An exploratory study published in Nature investigates serum neurofilament light chain (sNfL) as a potential biomarker for Fabry disease (FD). The research, conducted on a large cohort of Fabry disease patients (PwFD), reveals that sNfL concentrations are significantly higher in PwFD compared to healthy controls and correlate with disease severity.
The study found that sNfL levels were significantly higher in PwFD with ischemic white matter lesions (iWML) (p = 0.03). This finding aligns with previous research showing increased sNfL in individuals with ischemic stroke and other conditions involving white matter. According to the researchers, comparison of PwFD without iWML lesions and healthy controls was not significant (p = 0.34).

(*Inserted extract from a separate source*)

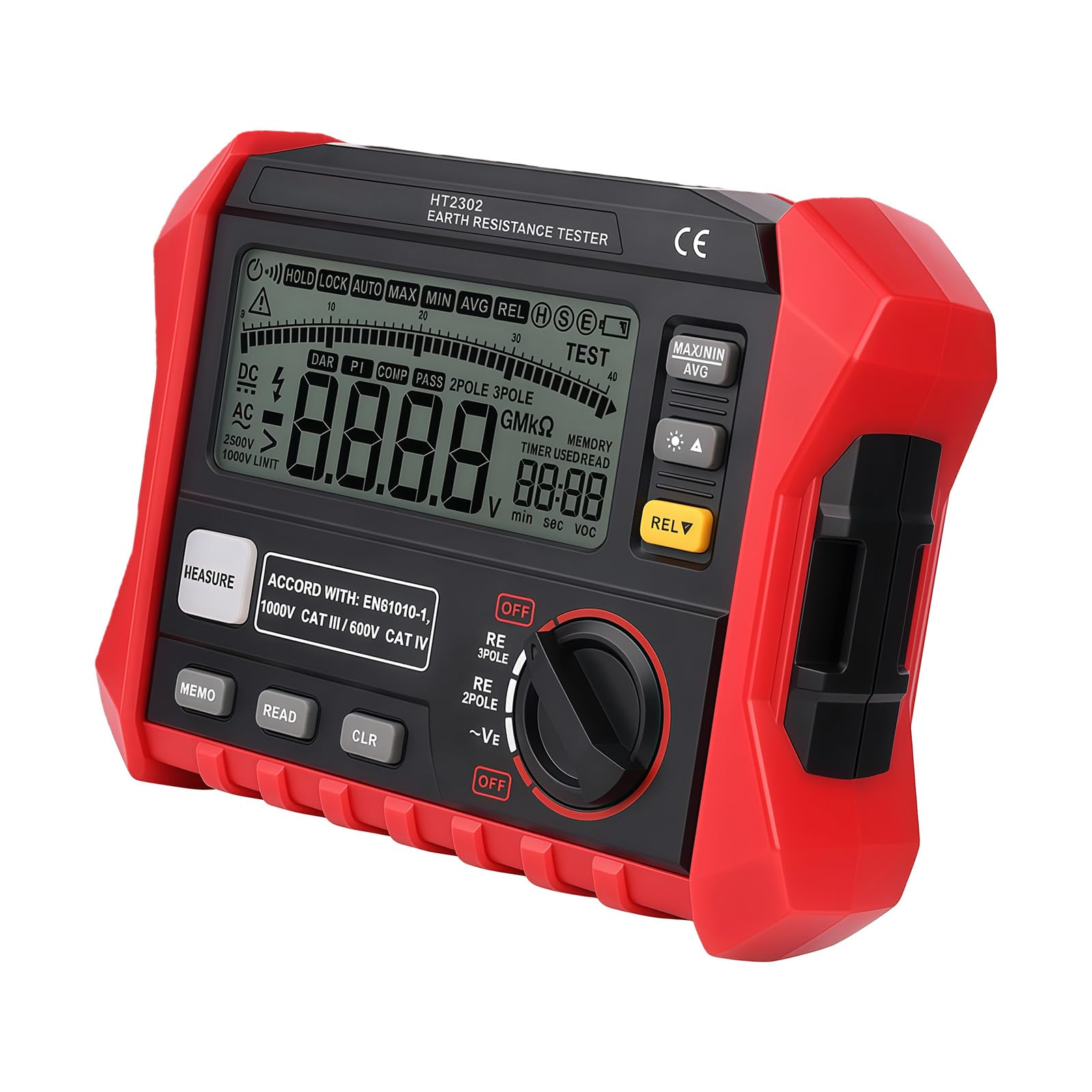 Tsophreniq Light Ground Resistance Tester Offering Auto Shut Off And Multiple Measurement Mode For Efficient Battery Usage Voltages Measurement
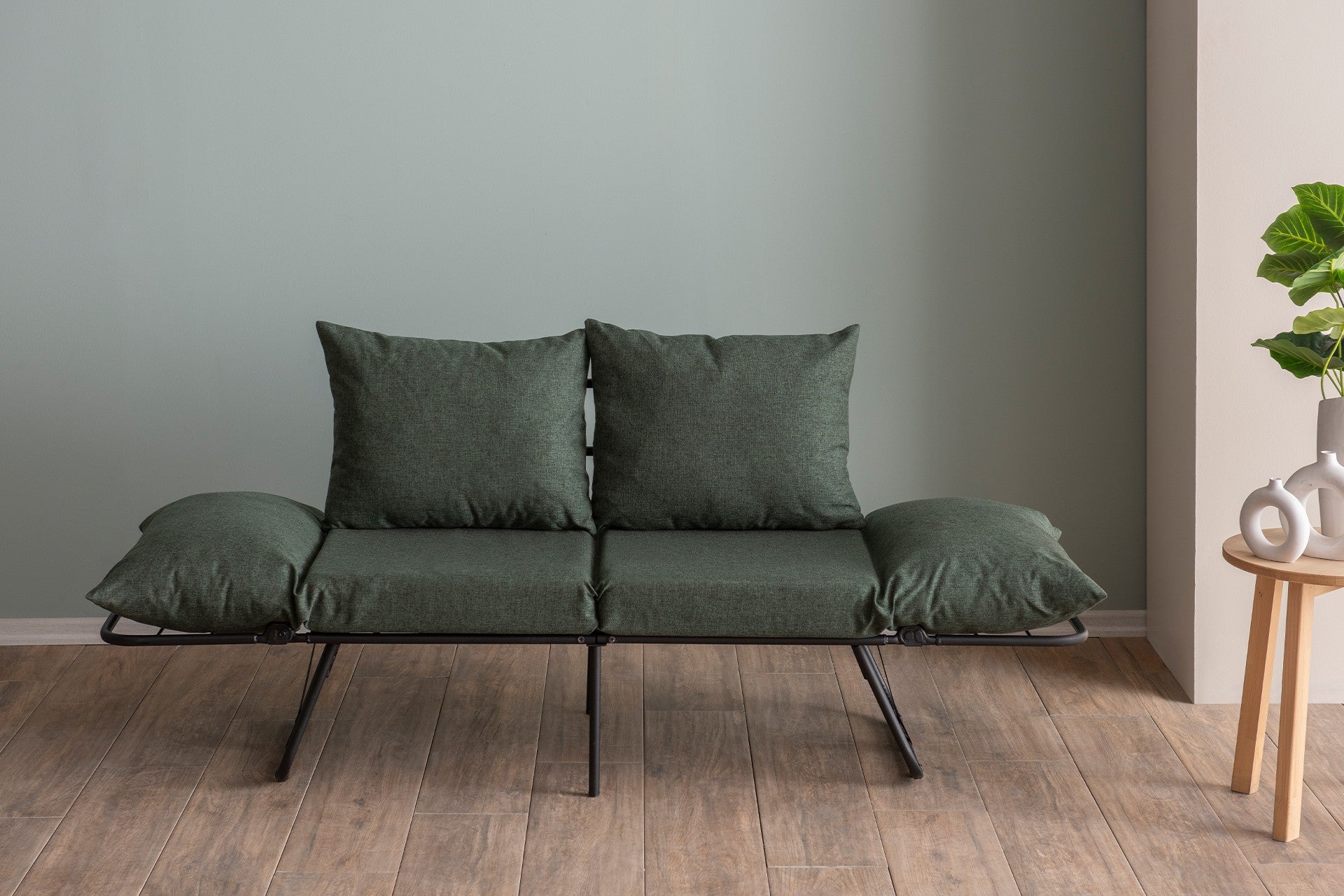 Sofá-cama elegante de 2 lugares, tecido de linho verde, 150 cm | Estrutura 100% metálica, braços ajustáveis, fácil conversão | Perfeito para espaços de convivência modernos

Key Findings on sNfL and Fabry Disease
The research team assessed sNfL concentrations in a large, representative cohort of PwFD and found several key correlations:
- Elevated sNfL in PwFD: sNfL concentrations were significantly higher in PwFD compared to healthy controls.
- Correlation with iWML: sNfL levels were significantly higher in PwFD with iWML, indicating a potential link between sNfL and central nervous system involvement in Fabry disease.
- Association with Disease Severity: sNfL levels correlated with clinical and paraclinical parameters of disease severity, such as the FOS-MSSI score.
Implications for Patient Monitoring
The study suggests that monitoring sNfL levels could help assess CNS integrity in Fabry disease patients, potentially reducing the need for costly annual MRIs. "This association of increased sNfL and white matter lesions might help in routine patient care to monitor CNS integrity, without requiring a costly annual MRI," the authors noted.
Influence of Disease-Specific Therapy and Renal Function
The study also explored the impact of disease-specific therapy on sNfL levels. While initial analysis showed a significant difference in sNfL absolute values between PwFD receiving therapy and treatment-naïve PwFD (p = 0.015), this significance was not maintained when analyzing Z-scores (p = 0.094). The researchers suggest that the absence of disease-specific therapy may reflect milder disease severity.
Interestingly, the study found a correlation between sNfL Z-scores and serum creatinine and eGFR, hinting at a potential link between increased blood-NfL and reduced renal function. The authors propose that impaired lysosomal metabolism in Fabry disease could contribute to rising sNfL levels over time.
Study Limitations and Future Directions
The researchers acknowledge several limitations, including the potential for small sample sizes within subgroups to interfere with statistical testing. They emphasize the need for larger samples to verify differences and extrapolations based on subgroups. Additionally, they call for longitudinal data to further evaluate the role of sNfL as a biomarker in Fabry disease.
"A single-timepoint analysis of a biomarker in FD could fall short of detecting meaningful changes over time, hence a more detailed investigation including longitudinal data is required to further evaluate the role of sNfL as a biomarker in FD," the authors conclude.